Apps like MLB.TV proves that the successes of sports leagues are now defined by more than its superstars and playoff thrills. It’s harder than ever to snag the attention of sports fans—24/7 television networks, sports talk radio stations, a plethora of content websites, sports-centric podcasts, and access to games, both locally and across the nation, muddy the playing field.
Leagues, teams, and media businesses build products like MLB.TV to set themselves apart from the competition. Fielding a professional team requires the work of hundreds of people—coaches, scouts, front office personnel, players, grounds crew, human resources folks, and more. Developing a major content website, a streaming service, a fan experience hub, or any other new product needs far fewer collaborators. The men and women needed to create on-screen magic are paid well and are in high demand across the country. Here’s a look at some key product development roles.
Product Manager
Product management has been described as “the intersection between business, technology, and user experience,” with the role of Product Manager sitting at the crossroads. Just to be clear, Product Managers aren’t developers. They play the overseer, defining a product roadmap—the path from start to finish—that meets business goals as well as customer expectations. Product Managers lead design sessions while supporting the engineering team throughout sprint cycles (a.k.a. defined work cycles) by removing roadblocks to completion. Manage relationships with stakeholders and stay attuned to the competition, so team members make the best decisions possible. Passion, attention to detail, and the ability to inspire are all vital because you’re the product visionary, making a case to keep your project a priority, fighting for resources (people and money), and staying close enough to ensure quality and timely delivery.

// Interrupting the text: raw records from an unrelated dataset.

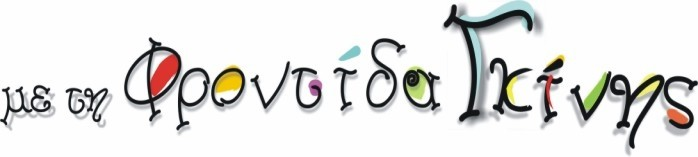 GINIS VACANCES S.A. TRAVEL ORGANIZATION ΙΑΝΟΥΑΡΙΟΣ ΑΠΡΙΛΙΟΣ 2017 http://www.ginis.gr email : ginis@ginis.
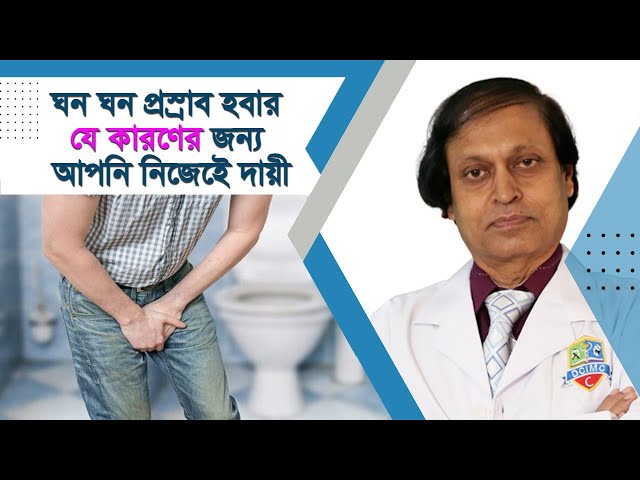 ঘন ঘন প্রস্রাব: যে কারণের জন্য আপনি নিজেই দায়ী। হাসপাতাল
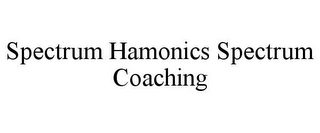 SPECTRUM HAMONICS SPECTRUM COACHING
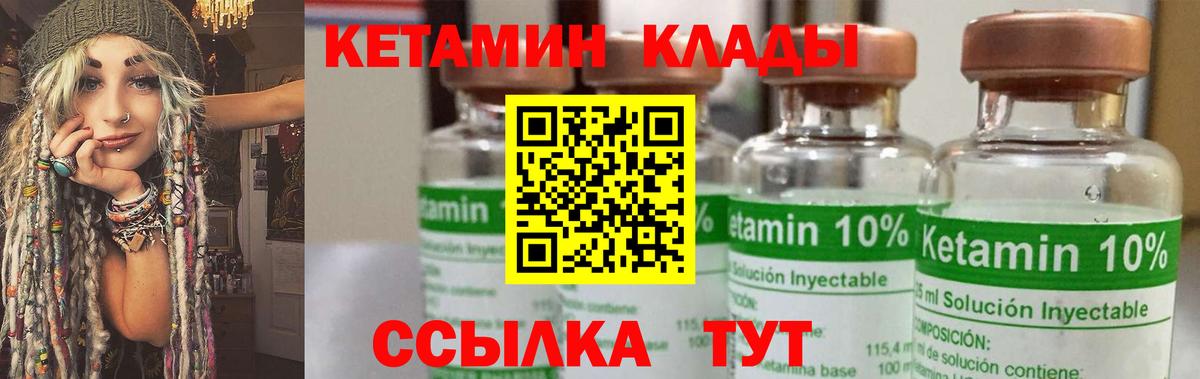 Кетамин ketamine  Вход с VPN  Алатырь  КЕТАМИН ketamine 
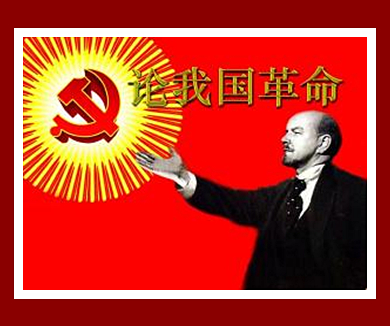 第十八集 病榻绝笔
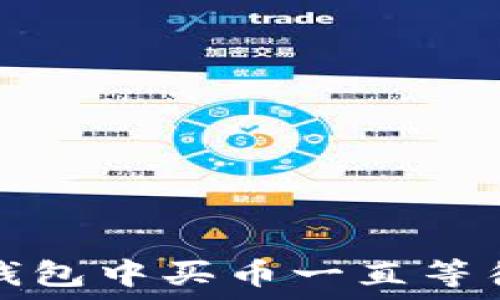   
如何解决TP钱包中买币一直等待确认的问题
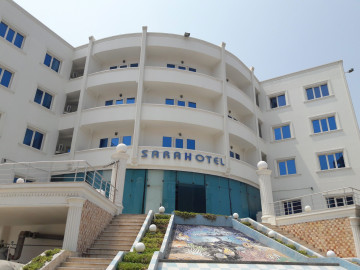 نما و لابی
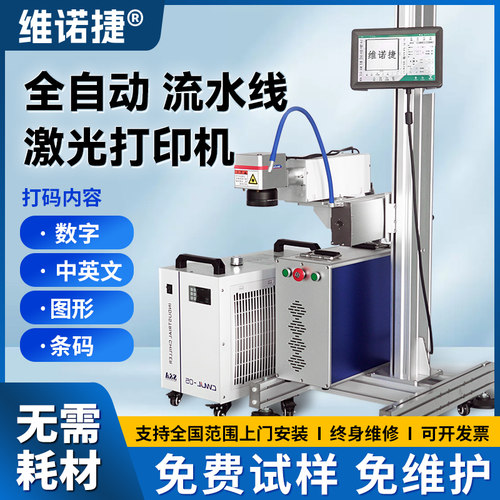 全自动喷码机维诺捷无需耗材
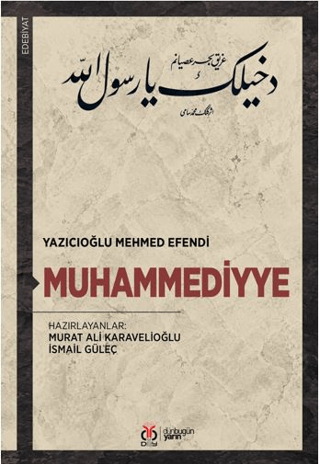 Muhammediyye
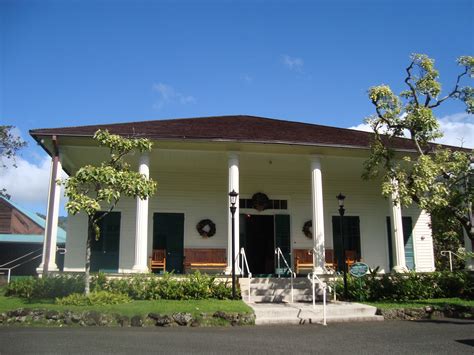 Aloha On My Mind: Aloha to Hanaiakamalama - Queen Emma's Summer Palace
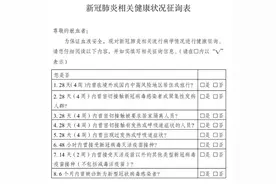 关注｜多地血库告急，呼吁市民积极参与献血图片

Mobile Engineer (iOS/Android)
Software and services development no longer begins and ends with the desktop experience. Sure, the software is still built for Windows and Mac operating systems, but the phrase “mobile first” rings truer than ever before. Years ago, companies outsourced Android and iOS software development to keep in-house costs low for a secondary priority, but mobile is no longer a second-class citizen. The role of the Mobile Engineer has matured in the world of technology. It’s someone that can guide mobile architectural decisions and technical strategy for a company. Define development and design best practices and implement the techniques, frameworks, and utilities needed to create efficient, beautiful mobile applications. Leverage deep technical know-how to explore native app development, responsive web design, scalable platforms, API interaction for data access, and future-forward constructs. Mobile engineering is more complex than ever before because of the nearly endless possibilities demanding dedicated experts to lead the charge.
Front-End Software Engineer
Launch the Yahoo! Fantasy Sports, ESPN, DraftKings, or MLB At Bat app, and you’re looking at a front end. Front End Software Engineers do the heavy code development on the presentation layer of a product, whether it’s a mobile app, website, streaming service, or desktop application. Developers utilize HTML and CSS to create interfaces to match product specs and system requirements. They spend their days upgrading existing code, creating new code, and resolving bugs reported by internal testers and end users. Create a user-friendly interface that allows people to easily manipulate data and run transactions that are otherwise unusable. Collaborate with UX and UI Designers, Product Managers, and Back End Engineers to make useful products and services.
UX Designer & UI Designer
A User Experience Designer (UXD) focuses on the feel of a product. Unlike a UI Designer that dabbles in most of the details, a UX Designer purposefully avoids the particulars of every button, textbox, and label. Someone in this role ensures the product flows from step to step, task to task, and across the workflow seamlessly. Consider each possible user problem, research potential solutions and make a decision that a UI Designer can help implement across the product. Gather users for in-person testing to determine where people struggle and see when design efforts thrive. Couple that real-world feedback with common user experience design principles to create products that feel good and flow well.
A User Interface Designer (UID) concentrates on the layout of a product. In this role, it’s all about the specifics. Screen and page design matter—the order of content, font and style choices, swipes versus taps, input box sizes, and tap target areas. UI Designers know if sliders, control knobs, radio buttons, or checkboxes make the most sense and determine where, on a screen or page, each of them belongs. A UI Designer must stay true to the maxim set forth by a UX Designer, so the overall look and feel are preserved while challenging design decisions to create the best user experience possible.